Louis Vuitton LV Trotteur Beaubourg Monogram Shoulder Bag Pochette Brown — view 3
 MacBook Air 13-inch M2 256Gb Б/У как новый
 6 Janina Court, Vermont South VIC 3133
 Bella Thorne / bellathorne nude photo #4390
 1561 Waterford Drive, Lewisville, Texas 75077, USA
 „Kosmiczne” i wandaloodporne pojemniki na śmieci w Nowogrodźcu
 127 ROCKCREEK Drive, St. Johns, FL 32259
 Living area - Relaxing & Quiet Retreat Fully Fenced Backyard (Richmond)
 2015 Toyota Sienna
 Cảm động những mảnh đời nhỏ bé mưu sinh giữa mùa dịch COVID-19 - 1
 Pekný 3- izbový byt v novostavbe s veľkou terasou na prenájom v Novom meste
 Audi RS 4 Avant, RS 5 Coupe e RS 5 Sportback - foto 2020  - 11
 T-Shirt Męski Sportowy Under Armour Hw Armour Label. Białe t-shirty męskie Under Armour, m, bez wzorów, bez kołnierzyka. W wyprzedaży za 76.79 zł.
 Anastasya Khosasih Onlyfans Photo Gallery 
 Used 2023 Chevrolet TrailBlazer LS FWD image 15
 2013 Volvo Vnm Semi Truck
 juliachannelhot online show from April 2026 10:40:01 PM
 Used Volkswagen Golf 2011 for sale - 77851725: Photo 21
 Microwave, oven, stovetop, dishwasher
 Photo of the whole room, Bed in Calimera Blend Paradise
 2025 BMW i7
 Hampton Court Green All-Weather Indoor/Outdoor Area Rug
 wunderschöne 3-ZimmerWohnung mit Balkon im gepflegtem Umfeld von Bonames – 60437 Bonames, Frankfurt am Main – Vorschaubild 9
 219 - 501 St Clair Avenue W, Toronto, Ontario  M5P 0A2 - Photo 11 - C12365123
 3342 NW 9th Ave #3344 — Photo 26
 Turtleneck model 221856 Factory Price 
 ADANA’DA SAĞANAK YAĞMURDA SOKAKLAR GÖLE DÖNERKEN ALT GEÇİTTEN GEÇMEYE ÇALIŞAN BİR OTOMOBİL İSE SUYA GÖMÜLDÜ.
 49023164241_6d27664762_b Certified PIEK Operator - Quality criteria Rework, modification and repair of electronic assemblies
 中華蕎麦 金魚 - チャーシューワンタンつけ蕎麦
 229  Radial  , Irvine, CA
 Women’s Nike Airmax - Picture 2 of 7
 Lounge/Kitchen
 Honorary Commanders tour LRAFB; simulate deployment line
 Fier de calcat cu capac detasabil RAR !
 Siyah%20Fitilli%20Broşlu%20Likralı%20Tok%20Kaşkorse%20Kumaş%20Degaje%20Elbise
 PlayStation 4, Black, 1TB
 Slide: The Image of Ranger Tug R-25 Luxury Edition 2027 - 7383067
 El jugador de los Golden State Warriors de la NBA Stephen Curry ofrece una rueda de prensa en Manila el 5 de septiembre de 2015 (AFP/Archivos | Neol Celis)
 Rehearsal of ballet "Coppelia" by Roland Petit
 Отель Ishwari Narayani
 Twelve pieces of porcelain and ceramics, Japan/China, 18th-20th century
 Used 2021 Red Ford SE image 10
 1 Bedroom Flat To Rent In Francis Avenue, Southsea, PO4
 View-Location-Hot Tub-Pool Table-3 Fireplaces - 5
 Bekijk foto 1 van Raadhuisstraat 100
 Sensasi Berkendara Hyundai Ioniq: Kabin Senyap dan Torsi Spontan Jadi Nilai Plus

++++

◆ What the exercise asks
The lines to extract from the data above begin with the line containing "MacBook Air 13-inch M2 256Gb Б/У как новый" and end with the line containing "El jugador de". Extract them exactly, including both.

◆ Response area
 MacBook Air 13-inch M2 256Gb Б/У как новый
 6 Janina Court, Vermont South VIC 3133
 Bella Thorne / bellathorne nude photo #4390
 1561 Waterford Drive, Lewisville, Texas 75077, USA
 „Kosmiczne” i wandaloodporne pojemniki na śmieci w Nowogrodźcu
 127 ROCKCREEK Drive, St. Johns, FL 32259
 Living area - Relaxing & Quiet Retreat Fully Fenced Backyard (Richmond)
 2015 Toyota Sienna
 Cảm động những mảnh đời nhỏ bé mưu sinh giữa mùa dịch COVID-19 - 1
 Pekný 3- izbový byt v novostavbe s veľkou terasou na prenájom v Novom meste
 Audi RS 4 Avant, RS 5 Coupe e RS 5 Sportback - foto 2020  - 11
 T-Shirt Męski Sportowy Under Armour Hw Armour Label. Białe t-shirty męskie Under Armour, m, bez wzorów, bez kołnierzyka. W wyprzedaży za 76.79 zł.
 Anastasya Khosasih Onlyfans Photo Gallery 
 Used 2023 Chevrolet TrailBlazer LS FWD image 15
 2013 Volvo Vnm Semi Truck
 juliachannelhot online show from April 2026 10:40:01 PM
 Used Volkswagen Golf 2011 for sale - 77851725: Photo 21
 Microwave, oven, stovetop, dishwasher
 Photo of the whole room, Bed in Calimera Blend Paradise
 2025 BMW i7
 Hampton Court Green All-Weather Indoor/Outdoor Area Rug
 wunderschöne 3-ZimmerWohnung mit Balkon im gepflegtem Umfeld von Bonames – 60437 Bonames, Frankfurt am Main – Vorschaubild 9
 219 - 501 St Clair Avenue W, Toronto, Ontario  M5P 0A2 - Photo 11 - C12365123
 3342 NW 9th Ave #3344 — Photo 26
 Turtleneck model 221856 Factory Price 
 ADANA’DA SAĞANAK YAĞMURDA SOKAKLAR GÖLE DÖNERKEN ALT GEÇİTTEN GEÇMEYE ÇALIŞAN BİR OTOMOBİL İSE SUYA GÖMÜLDÜ.
 49023164241_6d27664762_b Certified PIEK Operator - Quality criteria Rework, modification and repair of electronic assemblies
 中華蕎麦 金魚 - チャーシューワンタンつけ蕎麦
 229  Radial  , Irvine, CA
 Women’s Nike Airmax - Picture 2 of 7
 Lounge/Kitchen
 Honorary Commanders tour LRAFB; simulate deployment line
 Fier de calcat cu capac detasabil RAR !
 Siyah%20Fitilli%20Broşlu%20Likralı%20Tok%20Kaşkorse%20Kumaş%20Degaje%20Elbise
 PlayStation 4, Black, 1TB
 Slide: The Image of Ranger Tug R-25 Luxury Edition 2027 - 7383067
 El jugador de los Golden State Warriors de la NBA Stephen Curry ofrece una rueda de prensa en Manila el 5 de septiembre de 2015 (AFP/Archivos | Neol Celis)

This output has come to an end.